Parallel Resistors Calculator
Calculate the equivalent resistance of up to 4 resistors connected in parallel.
Also calculates current through each resistor if voltage is known.
When resistors are connected in parallel, the equivalent resistance is:
1/R_total = 1/R₁ + 1/R₂ + 1/R₃ + 1/R₄
Or equivalently: R_total = 1 / (1/R₁ + 1/R₂ + 1/R₃ + 1/R₄)
Key properties of parallel connections:
- The equivalent resistance is always less than the smallest individual resistor
- All resistors share the same voltage across their terminals
- Total current = sum of currents through each resistor
- Adding more resistors in parallel always decreases the equivalent resistance
Special cases:
- Two equal resistors in parallel: R_total = R/2
- n equal resistors in parallel: R_total = R/n
- Two resistors: R_total = (R₁ × R₂)/(R₁ + R₂) — the “product over sum” formula
Why parallel connections matter:
Household electrical wiring uses parallel connections.
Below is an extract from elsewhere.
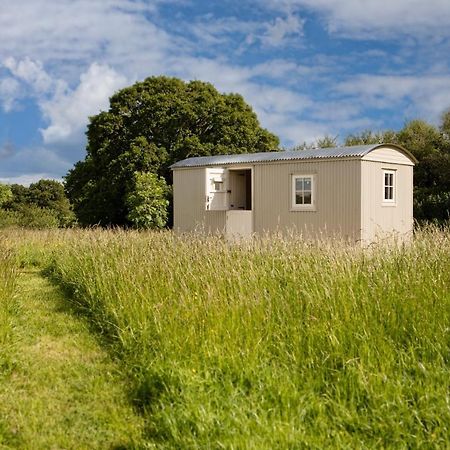 Romantic Secluded Shepherd Hut Hares Rest Southwick  Экстерьер фото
Every appliance you plug in is connected in parallel with the others. This way, each appliance gets the full supply voltage (120V or 230V), and one appliance failing does not cut power to the others.
Current distribution: Each branch current is inversely proportional to its resistance: I_n = V / R_n
where V is the common voltage across all parallel branches.